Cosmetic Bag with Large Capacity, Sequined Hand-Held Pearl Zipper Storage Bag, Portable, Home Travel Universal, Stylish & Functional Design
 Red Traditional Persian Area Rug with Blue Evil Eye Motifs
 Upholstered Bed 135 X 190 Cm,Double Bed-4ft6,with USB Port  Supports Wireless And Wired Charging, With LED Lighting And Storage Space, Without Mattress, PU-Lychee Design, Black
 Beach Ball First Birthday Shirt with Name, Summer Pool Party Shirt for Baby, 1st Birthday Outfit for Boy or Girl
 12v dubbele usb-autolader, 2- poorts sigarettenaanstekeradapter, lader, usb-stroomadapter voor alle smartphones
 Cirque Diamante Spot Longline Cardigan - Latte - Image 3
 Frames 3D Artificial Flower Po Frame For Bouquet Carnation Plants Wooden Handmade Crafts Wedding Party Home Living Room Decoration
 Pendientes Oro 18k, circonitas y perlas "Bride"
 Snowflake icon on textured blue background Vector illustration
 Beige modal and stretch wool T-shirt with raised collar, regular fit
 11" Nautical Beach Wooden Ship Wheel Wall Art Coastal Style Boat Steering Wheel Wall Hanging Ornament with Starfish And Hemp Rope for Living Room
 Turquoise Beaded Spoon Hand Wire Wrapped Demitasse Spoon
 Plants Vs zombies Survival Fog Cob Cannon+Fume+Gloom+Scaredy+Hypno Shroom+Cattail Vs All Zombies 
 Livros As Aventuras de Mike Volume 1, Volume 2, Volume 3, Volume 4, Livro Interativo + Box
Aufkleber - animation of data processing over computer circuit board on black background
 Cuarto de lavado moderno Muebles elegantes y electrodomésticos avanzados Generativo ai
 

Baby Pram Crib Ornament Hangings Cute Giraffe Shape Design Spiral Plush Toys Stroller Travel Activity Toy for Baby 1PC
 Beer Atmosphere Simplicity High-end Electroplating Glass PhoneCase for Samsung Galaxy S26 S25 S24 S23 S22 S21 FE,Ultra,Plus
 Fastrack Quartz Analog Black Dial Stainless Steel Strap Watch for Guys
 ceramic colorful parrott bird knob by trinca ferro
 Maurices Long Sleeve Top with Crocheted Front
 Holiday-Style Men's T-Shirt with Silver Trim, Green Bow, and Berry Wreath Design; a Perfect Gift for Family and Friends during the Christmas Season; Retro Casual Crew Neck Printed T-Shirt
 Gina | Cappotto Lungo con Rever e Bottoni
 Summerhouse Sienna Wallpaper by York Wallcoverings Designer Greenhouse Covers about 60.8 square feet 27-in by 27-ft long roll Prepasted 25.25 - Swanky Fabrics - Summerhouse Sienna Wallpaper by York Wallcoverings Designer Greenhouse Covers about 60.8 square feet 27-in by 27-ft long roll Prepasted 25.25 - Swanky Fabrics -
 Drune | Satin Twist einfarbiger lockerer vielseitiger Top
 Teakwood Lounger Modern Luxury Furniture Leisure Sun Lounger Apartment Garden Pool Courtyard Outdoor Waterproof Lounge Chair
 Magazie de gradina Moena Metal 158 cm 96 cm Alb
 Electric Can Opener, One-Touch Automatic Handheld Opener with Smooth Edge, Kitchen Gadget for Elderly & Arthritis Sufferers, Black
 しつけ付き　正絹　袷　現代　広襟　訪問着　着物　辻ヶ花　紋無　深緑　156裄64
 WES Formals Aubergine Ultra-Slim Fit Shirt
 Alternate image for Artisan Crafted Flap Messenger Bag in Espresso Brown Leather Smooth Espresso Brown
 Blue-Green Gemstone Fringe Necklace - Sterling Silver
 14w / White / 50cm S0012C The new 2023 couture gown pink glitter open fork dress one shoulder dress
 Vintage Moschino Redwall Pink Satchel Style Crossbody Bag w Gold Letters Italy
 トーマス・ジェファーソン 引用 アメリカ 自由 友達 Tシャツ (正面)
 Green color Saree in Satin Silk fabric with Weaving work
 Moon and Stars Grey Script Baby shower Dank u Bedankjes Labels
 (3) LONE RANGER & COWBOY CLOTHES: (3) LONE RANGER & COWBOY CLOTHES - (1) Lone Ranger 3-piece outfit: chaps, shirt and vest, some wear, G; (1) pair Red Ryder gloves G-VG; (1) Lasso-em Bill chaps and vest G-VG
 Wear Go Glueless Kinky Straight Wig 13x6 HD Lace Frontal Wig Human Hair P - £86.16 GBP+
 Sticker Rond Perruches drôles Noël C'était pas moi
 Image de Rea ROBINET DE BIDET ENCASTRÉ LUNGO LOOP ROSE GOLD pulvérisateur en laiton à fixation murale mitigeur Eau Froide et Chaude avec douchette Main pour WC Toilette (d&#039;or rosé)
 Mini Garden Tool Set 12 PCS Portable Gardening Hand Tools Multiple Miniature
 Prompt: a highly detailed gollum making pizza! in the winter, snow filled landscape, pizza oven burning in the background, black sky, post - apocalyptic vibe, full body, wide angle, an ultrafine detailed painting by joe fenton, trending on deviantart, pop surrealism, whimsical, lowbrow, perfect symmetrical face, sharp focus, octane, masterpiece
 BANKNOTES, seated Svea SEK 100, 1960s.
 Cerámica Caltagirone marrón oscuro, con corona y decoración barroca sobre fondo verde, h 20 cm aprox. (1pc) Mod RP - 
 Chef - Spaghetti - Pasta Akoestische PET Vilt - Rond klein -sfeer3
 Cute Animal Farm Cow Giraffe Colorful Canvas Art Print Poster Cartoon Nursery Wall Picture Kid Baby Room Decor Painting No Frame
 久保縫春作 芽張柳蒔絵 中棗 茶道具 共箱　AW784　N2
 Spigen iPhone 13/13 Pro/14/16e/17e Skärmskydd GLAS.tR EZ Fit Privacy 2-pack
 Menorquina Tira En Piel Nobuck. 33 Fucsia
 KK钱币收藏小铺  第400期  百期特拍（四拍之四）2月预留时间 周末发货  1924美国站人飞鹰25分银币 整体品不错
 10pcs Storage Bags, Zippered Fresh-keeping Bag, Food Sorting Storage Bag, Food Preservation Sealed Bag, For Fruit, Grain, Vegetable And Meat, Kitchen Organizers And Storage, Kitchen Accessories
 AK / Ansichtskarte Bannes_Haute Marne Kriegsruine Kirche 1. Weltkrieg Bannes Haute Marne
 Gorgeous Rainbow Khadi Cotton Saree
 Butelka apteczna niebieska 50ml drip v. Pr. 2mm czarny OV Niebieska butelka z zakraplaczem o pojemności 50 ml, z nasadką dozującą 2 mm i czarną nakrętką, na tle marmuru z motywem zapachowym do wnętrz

++++

Problem description
Which lines in the listing hold the word "Style"? Copy them out.

Exercise solution
 11" Nautical Beach Wooden Ship Wheel Wall Art Coastal Style Boat Steering Wheel Wall Hanging Ornament with Starfish And Hemp Rope for Living Room
 Holiday-Style Men's T-Shirt with Silver Trim, Green Bow, and Berry Wreath Design; a Perfect Gift for Family and Friends during the Christmas Season; Retro Casual Crew Neck Printed T-Shirt
 Vintage Moschino Redwall Pink Satchel Style Crossbody Bag w Gold Letters Italy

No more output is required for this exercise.